Diriwayatkan bahwa Rasulullah saw. bersabdda: “Orang yang melakukan tipu muslihat dan melakukan penipuan adalah di neraka.”

Diriwayatkan bahwa Beliau juga bersabda: “Terlaknat orang-orang yang menyakiti atau melakukan muslihat terhadap seseorang.” (HR Turmudzi)

Dengan demikian, semua bentuk muamalah maliyah yang mengandung unsur penipuan, masuk dalam kategori najsy. Misalnya: menutupi barang yang cacat, mencampur barang yang jelek dengan barang yang baik.
Namun perlu diketahui, bahwa tipu daya dibolehkan terhadap orang-orang yang boleh diperangi. Diriwayatkan bahwa Rasulullah saw. bersabda, “Perang adalah tipu daya.”

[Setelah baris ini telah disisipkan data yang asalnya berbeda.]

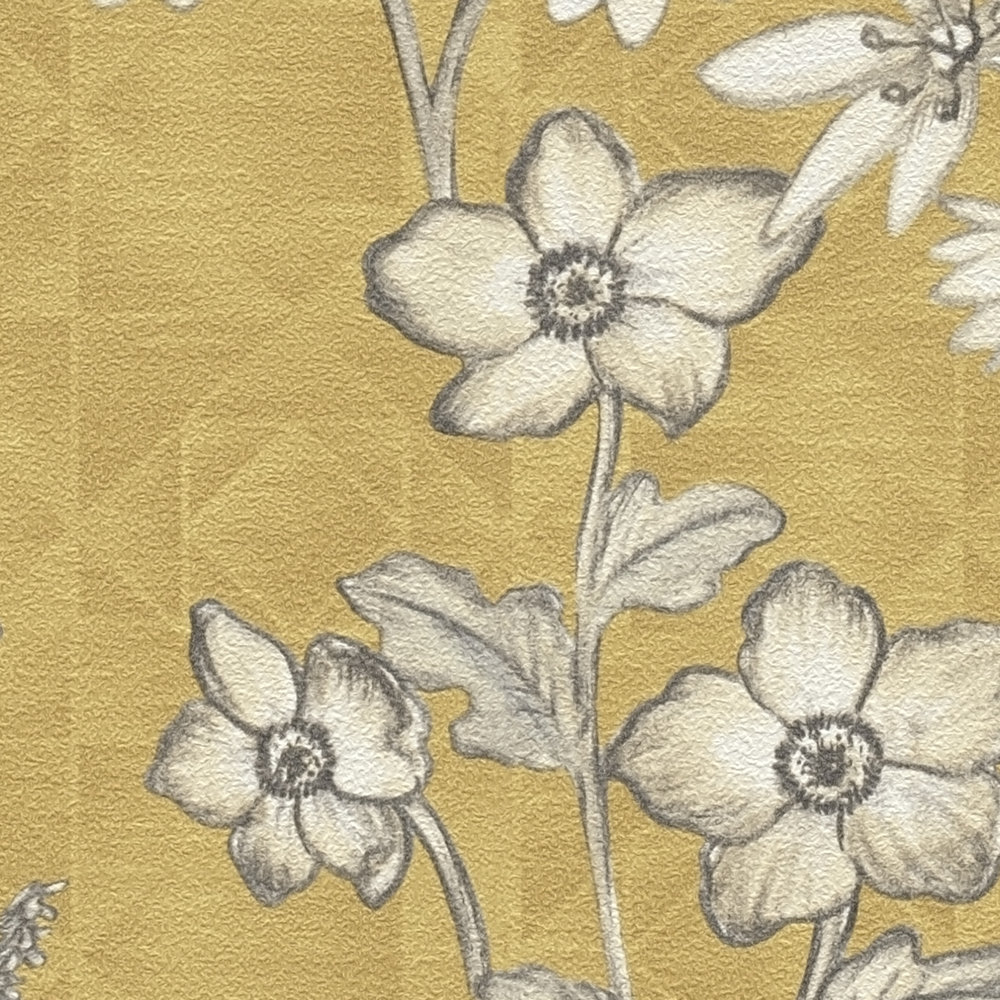             Vintage Vliestapete mit Blumenmuster – Gelb, Weiß, Grau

3. Larangan Saling Membenci

a. Definisi benci.
Benci adalah sikap tidak suka. Sikap seperti ini telah dilarang oleh Rasulullah saw. karena umat Islam adalah bersaudara, yang saling menyayangi dan mencintai. Karenanya mereka dilarang saling benci, kecuali kebencian karena Allah. Allah swt berfirman yang artinya: “Sesungguhnya orang-orang mukmin adalah bersaudara.” (al-Hujurat 10)

Diriwayatkan bahwa Rasulullah saw. bersabda: “Demi Dzat yang jiwaku dalam genggaman-Nya, kalian tidak akan masuk surga sehingga kalian beriman, dan tidak akan beriman kecuali saling mencintai…”

b. Hukum membenci.
Saling benci biasanya dilakukan antara dua kubu. Adakalanya kebencian tersebut bermuara dari kedua belah pihak, ada kalanya hanya dari salah satu pihak. Kebencian sifatnya karena Allah swt, hukumnya bisa wajib dan bisa sunnah. Namun jika didasari karena selain Allah maka hukumnya haram.

Allah swt. berfirman: “Hai orang-orang yhang beriman, janganlah kamu mengambil musuh-Ku dan musuh-Ku menjadi teman-teman setia.” (al-Mumtahanah: 1)

Rasulullah saw. bersabda: “Barangsiapa yang mencintai karena Allah, membenci karena Allah, dan memberi karena Allah, maka imannya telah sempurna.”

Karena itu seorang muslim diwajibkan untuk senantiasa mengingatkan dirinya sendiri dan menghindari kebencian yang disebabkan karena dorongan hawa nafsu semata, karena kebencian tersebut tidak diperbolehkan.

c. Diharamkannya perkara-perkara yang mendatangkan permusuhan dan kebencian. Itulah hikmah diharamkannya minuman keras dan judi. Allah berfiman yang artinya: “Sesungguhnya setan itu bermaksud hendak menimbulkan permusuhan dan kebencian di antara kamu lantaran (meminum) khamar dan berjudi itu, dan menghalangi kamu dari mengingat Allah dan shalat; maka berhentilah kamu (dari mengerjakan pekerjaan itu).” (al-Maaidah: 91)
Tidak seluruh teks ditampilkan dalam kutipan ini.